当日、十年間使っていなかった腕時計を出して、テレビの前にいた。テレビ局が失敗をどう取りつくろうかというところにも興味があった。
放送開始後十五分くらいで、司会者が報告した。
「いま幾つかデンワがあって、時計が動き出した、といってきました」
何気なく、私の腕時計をみると、秒針が動いている。ハテ、とおもい、いそいでほかのゼンマイの弛んだ時計をさらに二個持ってきた。そのうちの一つが、床の上に落ち、動き出した。それで、分かった。ゼンマイがほどけて時計がとまったといっても、九十九パーセントほどけたわけで残りの一パーセントは残っている。それがショックを与えると、作用しはじめる。停まっているときめていた腕時計は、取出したときにすでに動いていたにちがいない。
画面では司会者が、
「さあ、時計を掌に握りしめて念じてください」
間もなく、室内電話が鳴って、手伝いの人が昂奮した声で、
「いま、一年間使っていなかった時計が二つとも動き出しました」
「そうか、あとで説明してやるからな」
放送が終って解説を試みたのだが、彼女はどこか釈然としない面持である。私も時計とスプーンについてはもう沢山だが、なんとなくまだ釈然としない。

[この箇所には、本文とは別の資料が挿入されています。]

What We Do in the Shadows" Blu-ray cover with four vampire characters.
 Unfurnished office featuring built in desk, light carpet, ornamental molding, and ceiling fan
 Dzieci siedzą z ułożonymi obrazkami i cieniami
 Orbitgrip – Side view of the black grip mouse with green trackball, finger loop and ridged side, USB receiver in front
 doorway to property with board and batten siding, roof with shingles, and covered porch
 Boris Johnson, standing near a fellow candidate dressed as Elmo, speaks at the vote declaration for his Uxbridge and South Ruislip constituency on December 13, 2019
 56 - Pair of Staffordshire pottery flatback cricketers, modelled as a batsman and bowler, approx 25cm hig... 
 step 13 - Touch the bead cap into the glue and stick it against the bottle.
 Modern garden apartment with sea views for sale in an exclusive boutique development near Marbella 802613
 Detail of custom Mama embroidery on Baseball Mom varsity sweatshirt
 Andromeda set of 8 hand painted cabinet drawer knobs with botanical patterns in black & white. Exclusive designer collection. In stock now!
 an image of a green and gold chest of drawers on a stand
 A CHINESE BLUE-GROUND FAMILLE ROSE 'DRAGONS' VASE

その私の腕時計については、おかしな後日談がある。翌日になっても、時計が動いている。よく考えてみると、その時計を手に入れた十五年前に、すでに自動巻きの品物はできていたのだ。そのことを、すっかり忘れていた。引出しから取出して、テレビの前に持ってくる間に、ゼンマイが自動的に巻かれていたわけである。
自動巻き時計が動きつづけるのは、これは当り前だ。